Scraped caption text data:
-- Opening Marker --

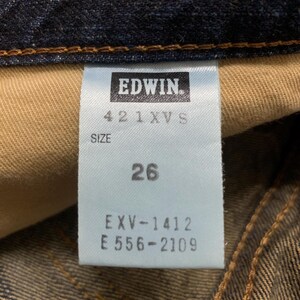 May include: Close-up of a blue denim tag with the brand name "EDWIN" in white. The tag also displays the size "26" and other product codes. The denim fabric is visible in the background.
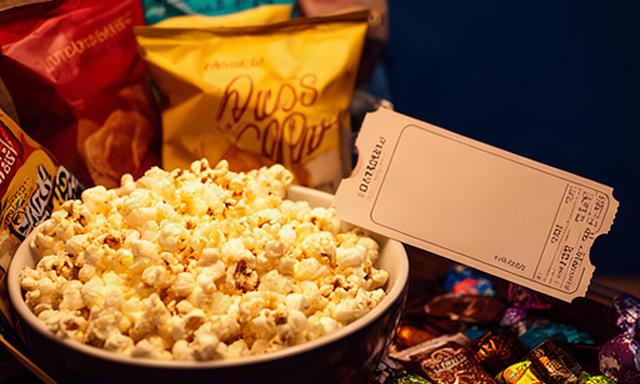 Movie night snack hamper with popcorn, crisps and sweets beside a cinema-style ticket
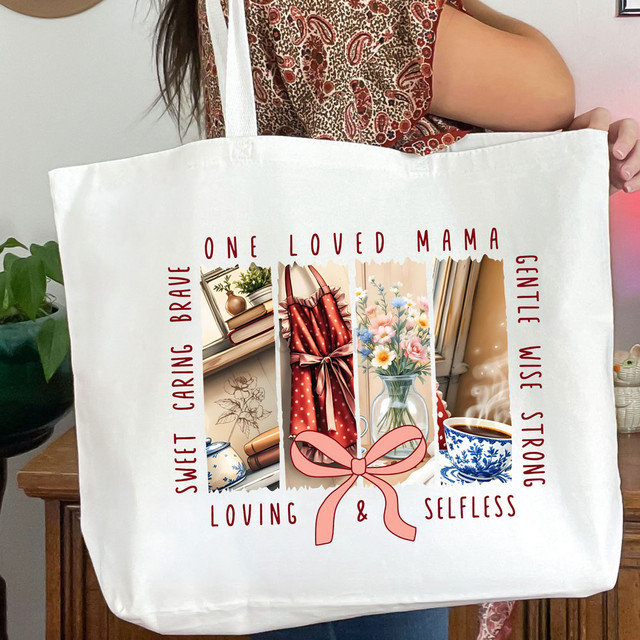 One Loved Mama With Bow DTF Heat Transfer, decorative tote bag with inspirational quote and floral design for Mother's Day or gift-giving.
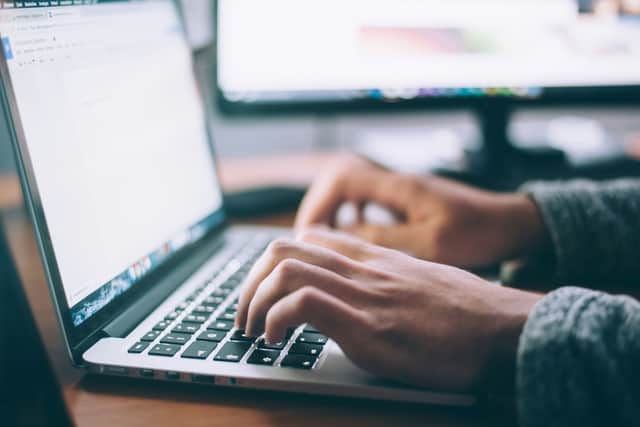 A person types on a laptop keyboard while working at a desk with a computer monitor in the background.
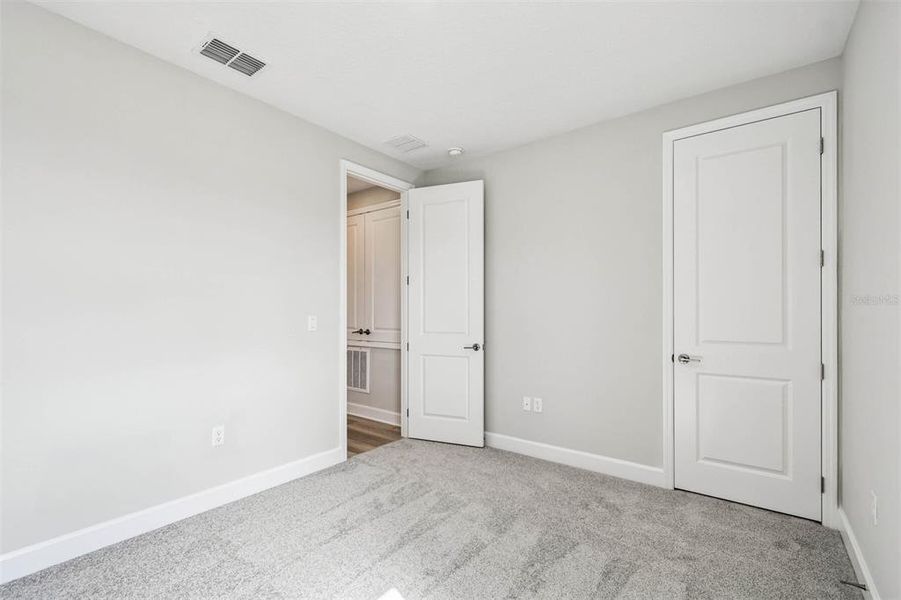 Spacious, unfurnished interior of a new home in Solace at Corner Lake, Orlando (Image 55).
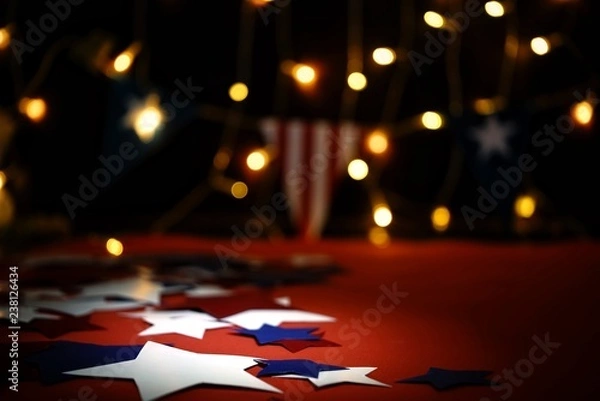Fototapeta Fireworks display celebrates the independence Day of the United States of America nation on the fourth of July with the us flag , sparklers , candy, on the red background and on the background of
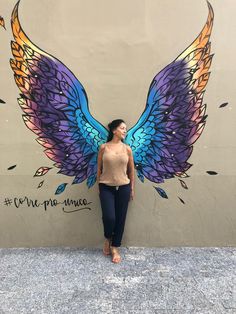 a woman standing in front of a wall with wings painted on it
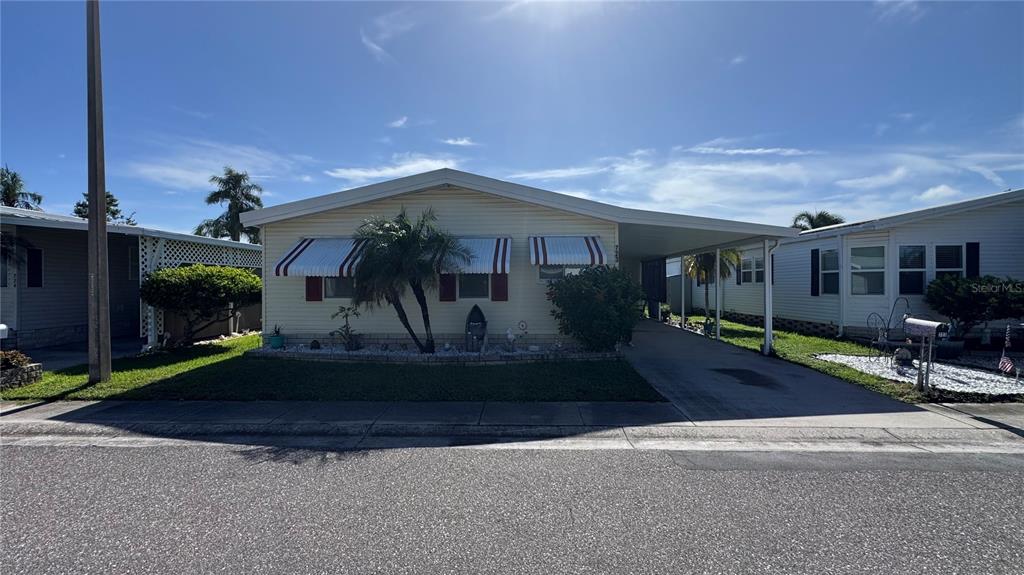 A single-story mobile home with a carport and red-and-white striped window awnings — 1001 STARKEY ROAD UNIT 723, LARGO, FL
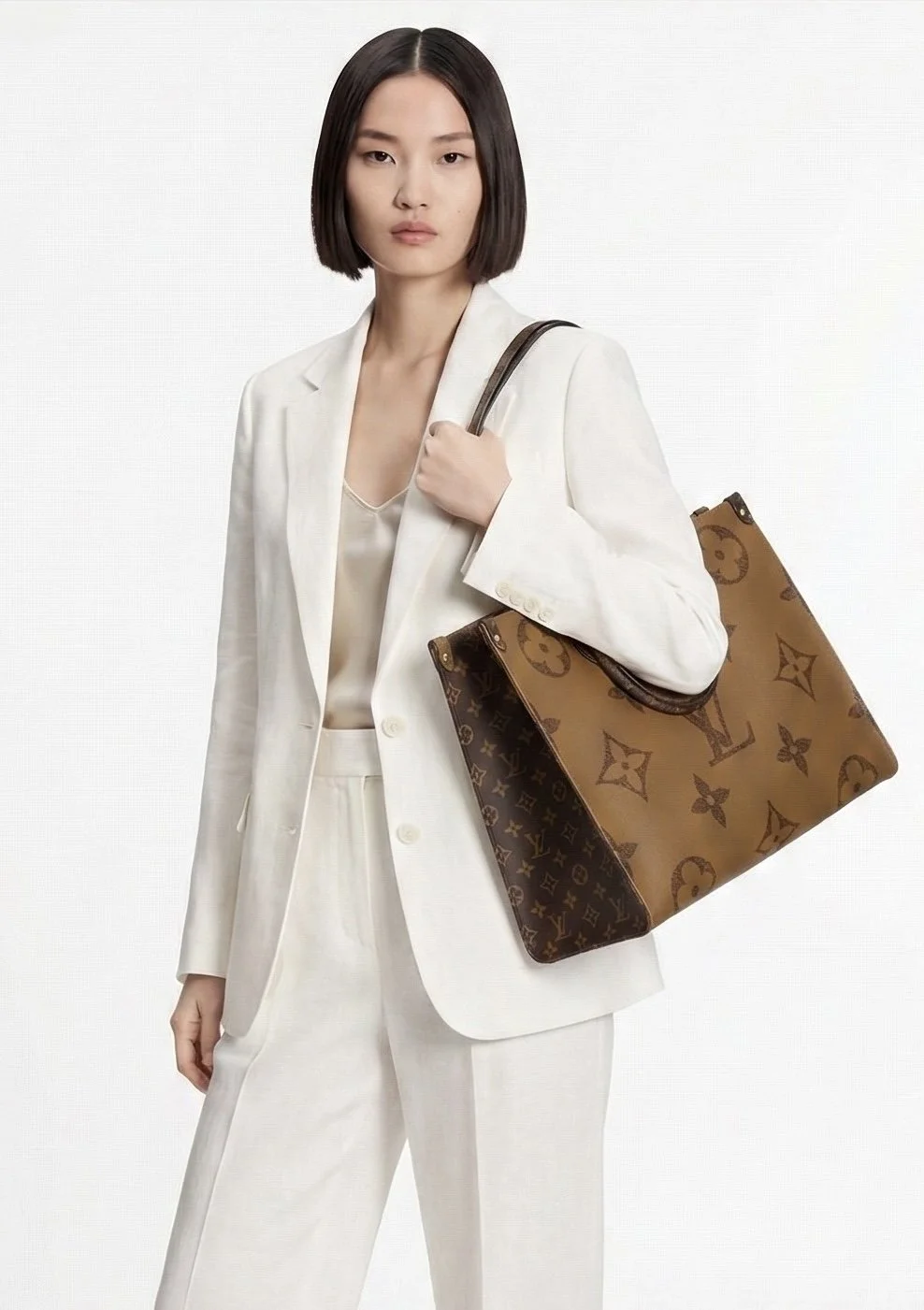 A woman with shoulder-length dark hair wearing a white suit with a blazer and matching pants, holding a large Louis Vuitton tote bag over her shoulder, against a plain white background.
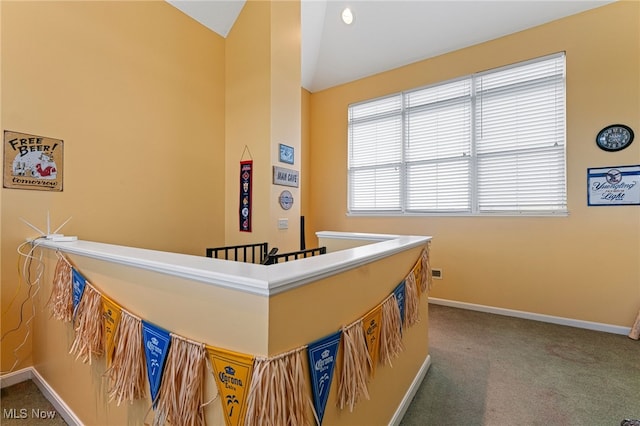 corridor featuring lofted ceiling, carpet floors, and baseboards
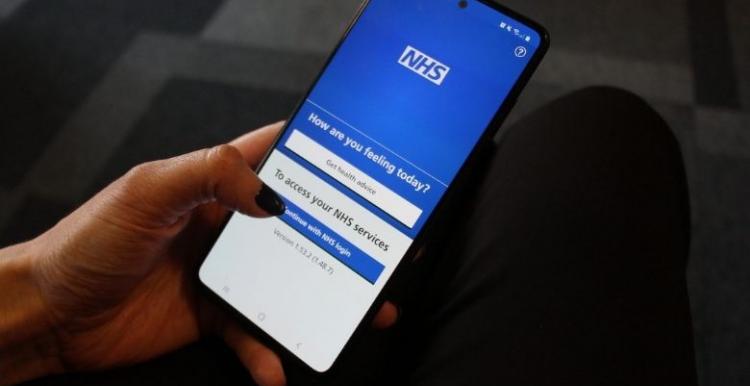 NHS Covid-19 pass image Picture of hand holding a mobile phone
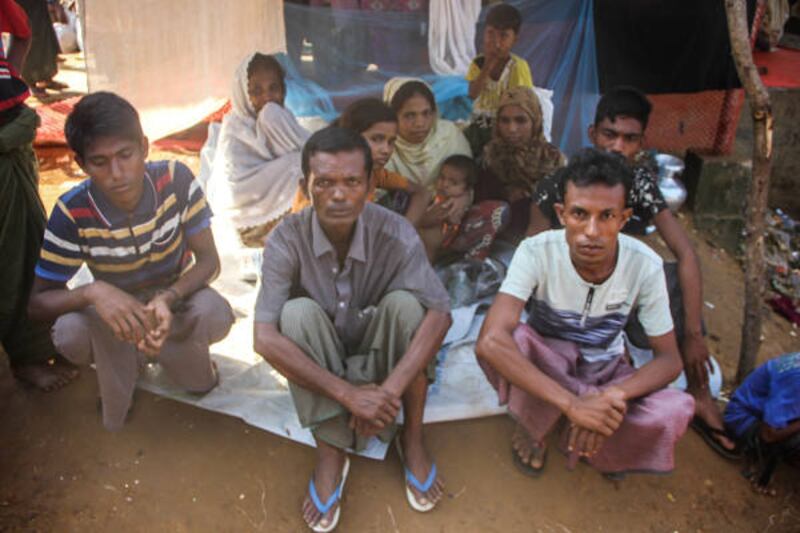 Mohammad Javed (right), a Rohingya refugee in Cox's Bazar, says his 11-member family barely gets by on one meal a day, Nov. 8, 2017. [Rohit Wadhwaney/BenarNews]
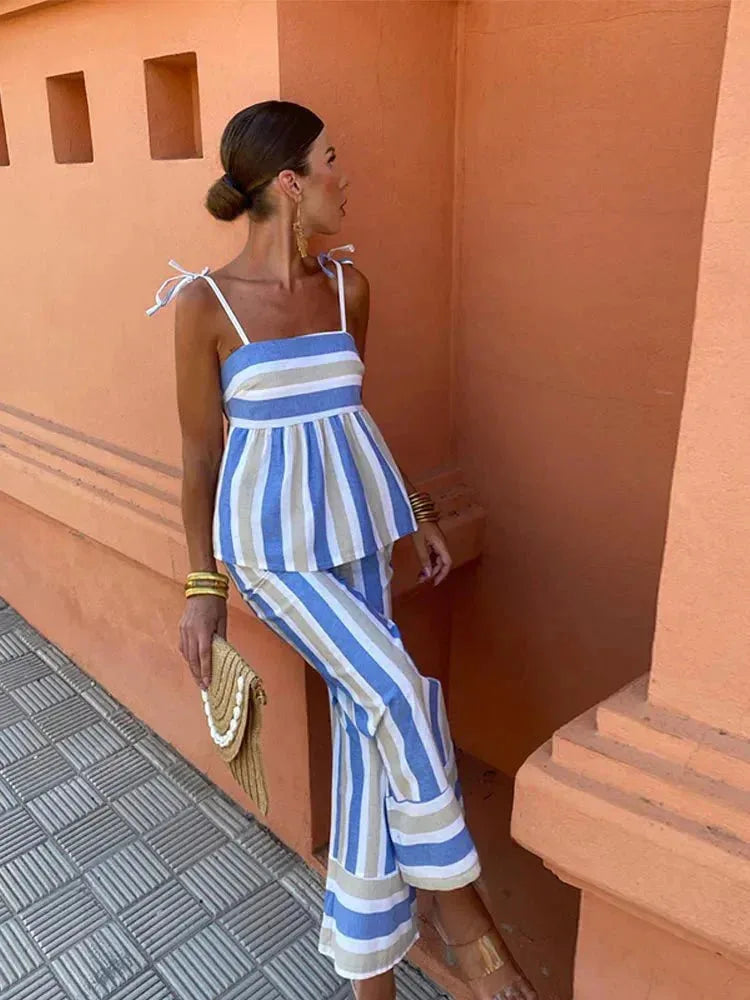 Side view of a woman in a blue striped peplum top and coordinating skirt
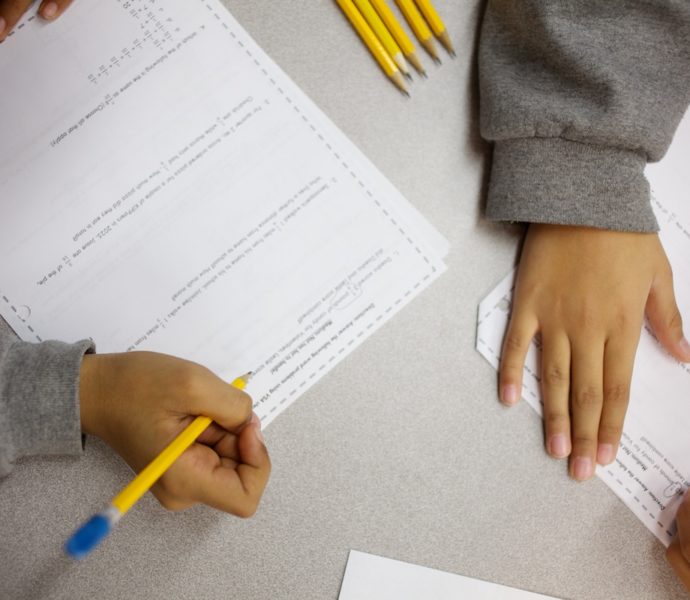 Students' hands, pencils, and paper on a desk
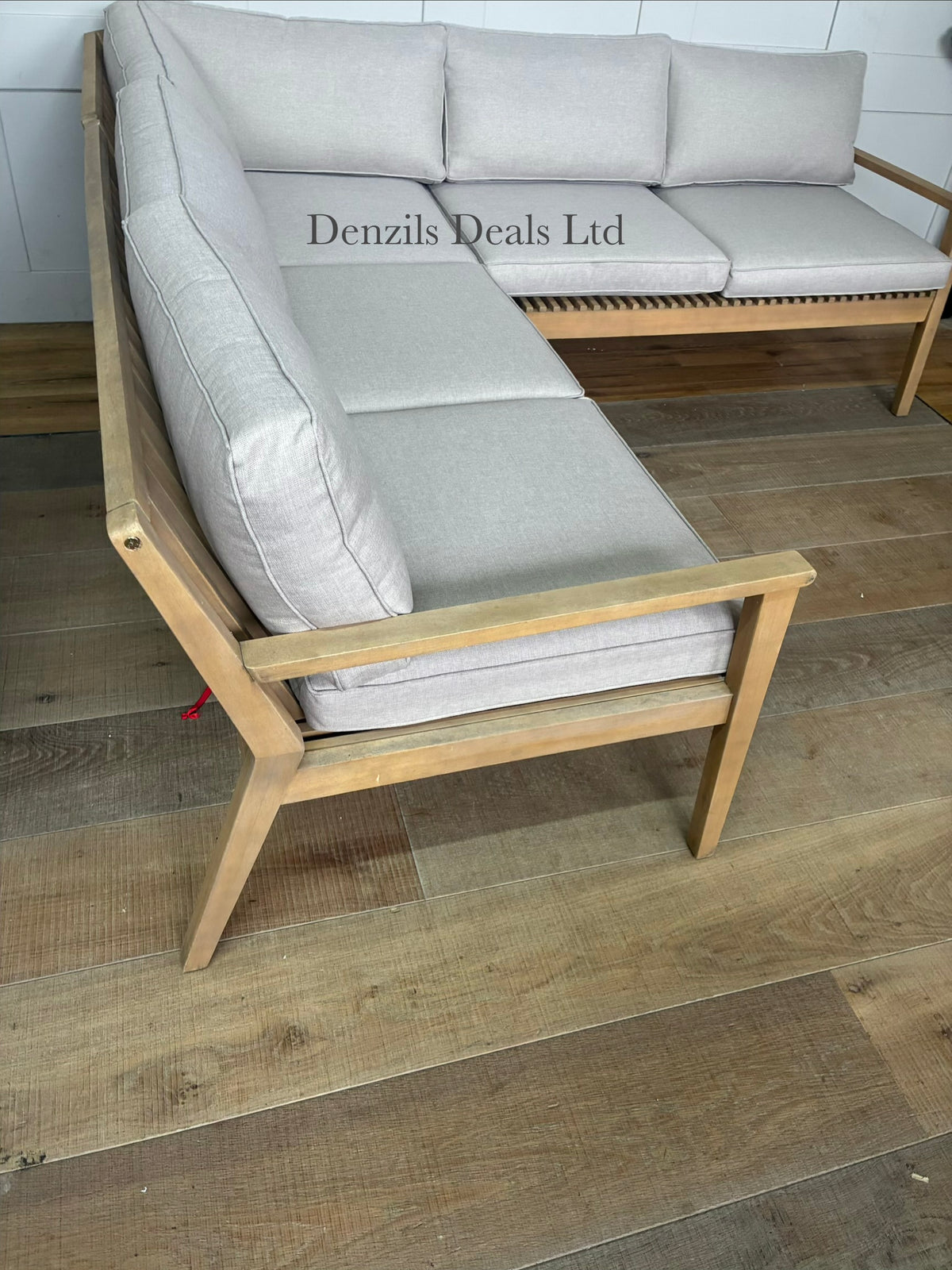 A modern L-shaped outdoor corner sofa from the John Lewis Mona range. The frame is crafted from light-toned natural acacia wood featuring a slatted design with angled legs and rounded corners. It is topped with thick, woven, shower-resistant seat and backrest cushions with clean piped edges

-- Closing Marker --

What you will do – Keep the pictures out of the copy and write out the data exactly as it stands.

Answer section –
 May include: Close-up of a blue denim tag with the brand name "EDWIN" in white. The tag also displays the size "26" and other product codes. The denim fabric is visible in the background.
 Movie night snack hamper with popcorn, crisps and sweets beside a cinema-style ticket
 One Loved Mama With Bow DTF Heat Transfer, decorative tote bag with inspirational quote and floral design for Mother's Day or gift-giving.
 A person types on a laptop keyboard while working at a desk with a computer monitor in the background.
 Spacious, unfurnished interior of a new home in Solace at Corner Lake, Orlando (Image 55).
Fototapeta Fireworks display celebrates the independence Day of the United States of America nation on the fourth of July with the us flag , sparklers , candy, on the red background and on the background of
 a woman standing in front of a wall with wings painted on it
 A single-story mobile home with a carport and red-and-white striped window awnings — 1001 STARKEY ROAD UNIT 723, LARGO, FL
 A woman with shoulder-length dark hair wearing a white suit with a blazer and matching pants, holding a large Louis Vuitton tote bag over her shoulder, against a plain white background.
 corridor featuring lofted ceiling, carpet floors, and baseboards
 NHS Covid-19 pass image Picture of hand holding a mobile phone
 Mohammad Javed (right), a Rohingya refugee in Cox's Bazar, says his 11-member family barely gets by on one meal a day, Nov. 8, 2017. [Rohit Wadhwaney/BenarNews]
 Side view of a woman in a blue striped peplum top and coordinating skirt
 Students' hands, pencils, and paper on a desk
 A modern L-shaped outdoor corner sofa from the John Lewis Mona range. The frame is crafted from light-toned natural acacia wood featuring a slatted design with angled legs and rounded corners. It is topped with thick, woven, shower-resistant seat and backrest cushions with clean piped edges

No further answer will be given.